7. Reporting a vulnerability
If you believe you have found a security vulnerability in Digilight PMS, we want to hear about it before anyone else does.
- Write to security@digilightpms.com
- Tell us what you found and how to reproduce it
- Give us reasonable time to fix it before disclosing it publicly
- Do not access, alter or remove any data that is not your own while testing
We will acknowledge your report, keep you updated, and credit you if you would like us to.
UNCONFIRMED FACT — the mailbox does not exist
Reason:
security@digilightpms.comhas not been provisioned. Publishing a disclosure address that bounces is worse than publishing none — a researcher who cannot reach us discloses publicly instead, and the first we hear of it is a customer's phone call.Suggested options:
- Provision and monitor the mailbox before publication.
- Use
support@digilightpms.comand route it internally.
LAWYER REVIEW REQUIRED — safe harbour
Reason: A researcher acting in good faith within the rules above should be told, in terms, that we will not pursue them.
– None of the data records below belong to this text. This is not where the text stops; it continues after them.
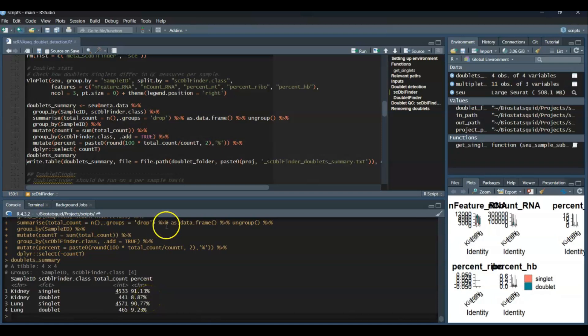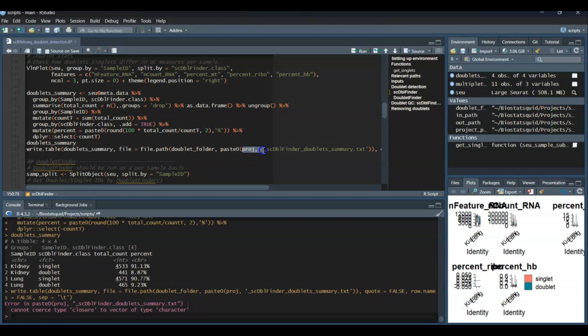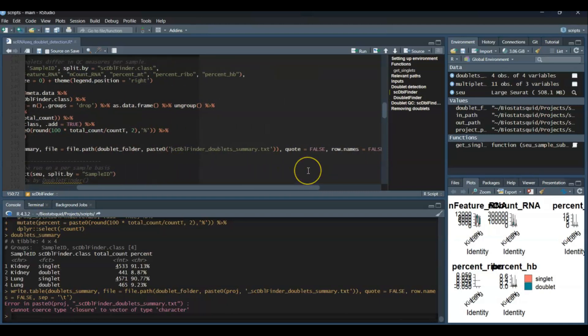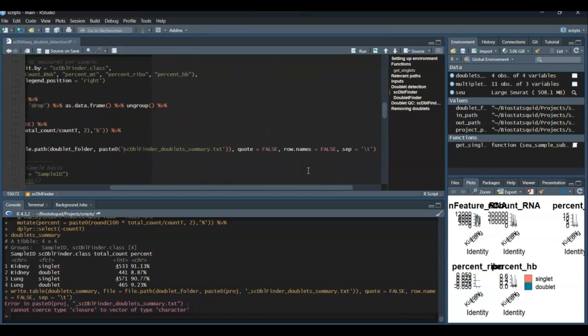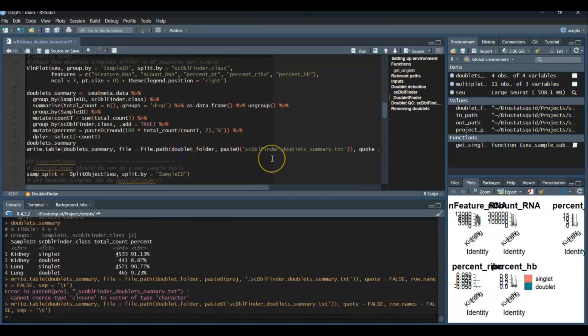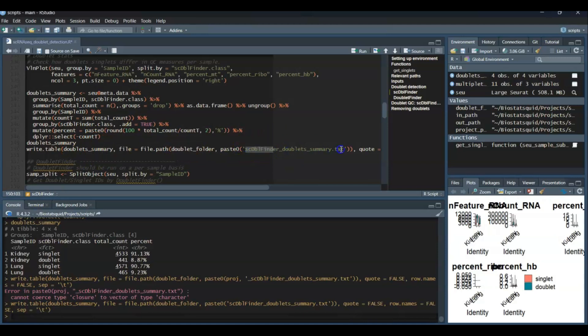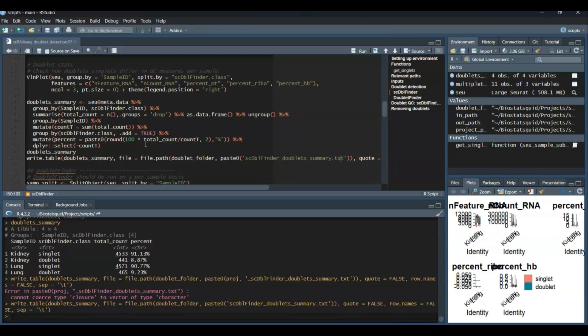And of course we can save this table onto a file, which I do in this line here. So I'm just saving it onto our doublet detection folder. Remove this because we have just one project. And try again. So now we have our doublet summary in this folder with this name.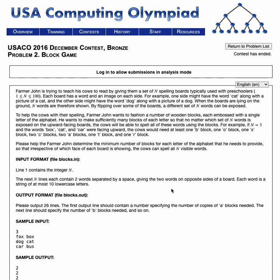In this video, we'll be going over the solution to the question Block Game from the 2016 December Bronze Contest. If you haven't already, I recommend you watch the previous video where I provided a hint before looking at the solution.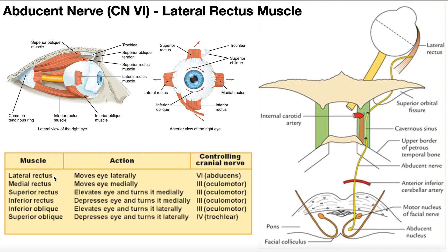The abducens or abducent nerve — sometimes you'll see it written as abducens, sometimes as abducent; they are the same thing, they are cranial nerve 6. The muscle that it controls is the lateral rectus muscle. Here's your lateral rectus muscle, and here's a better view of it in this picture. Here's the eyeball, and right there on the left side of that eyeball is your lateral rectus muscle.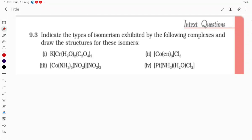Hello, students. Let us try to understand one more problem. This is the index problem of coordination compound. This is the third index problem, students, so we have to understand this.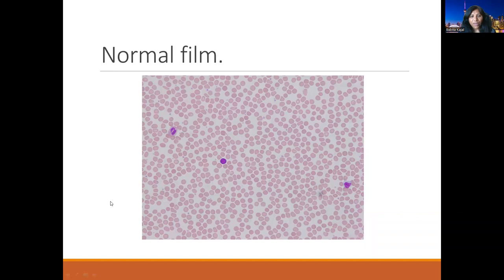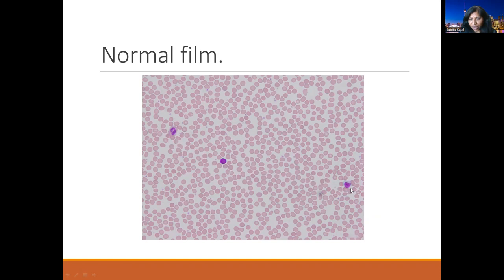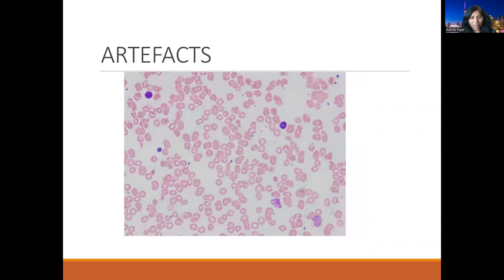This is a normal blood film. Here you can see all those RBCs — they are touching each other but not overlapping. In the background, small platelets are evenly distributed and not forming any clumping. We also have neutrophils and lymphocytes. The nucleus of this small lymphocyte is almost similar in size to an RBC. This is a large granular lymphocyte. So this is a normal film.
Without that assurance, serious researchers do not report — they publish.
Suggested options: adopt standard safe-harbour wording, scoped to good-faith testing that does not access other people's data.
8. If something goes wrong
If guest or hotel data is exposed, we will tell the affected hotels and give them what they need to meet their own notification duties to the Data Protection Board and to their guests.
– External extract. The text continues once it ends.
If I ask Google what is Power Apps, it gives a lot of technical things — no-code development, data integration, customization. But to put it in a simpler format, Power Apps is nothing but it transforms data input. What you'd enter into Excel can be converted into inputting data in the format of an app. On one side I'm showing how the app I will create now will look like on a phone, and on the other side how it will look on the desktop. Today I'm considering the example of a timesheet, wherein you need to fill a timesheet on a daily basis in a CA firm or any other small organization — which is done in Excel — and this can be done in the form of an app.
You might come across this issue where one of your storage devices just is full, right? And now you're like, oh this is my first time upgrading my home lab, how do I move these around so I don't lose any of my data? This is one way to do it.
The deadline we commit to is set in the DPA, and that is the deadline that is operationally binding. Whatever number is chosen there is a promise an on-call rota has to be able to keep.
9. Your side of it
The security of a hotel's data also depends on the hotel:
- Give every member of staff their own login. Do not share one.
- Remove accounts for staff who leave — and see §3.3 for how long their session can outlive the account today.
- Use a strong, unique password.
- Lock the front-desk computer when you walk away from it.
10. Changes to this policy
Every change is recorded in the version history at the foot of this page.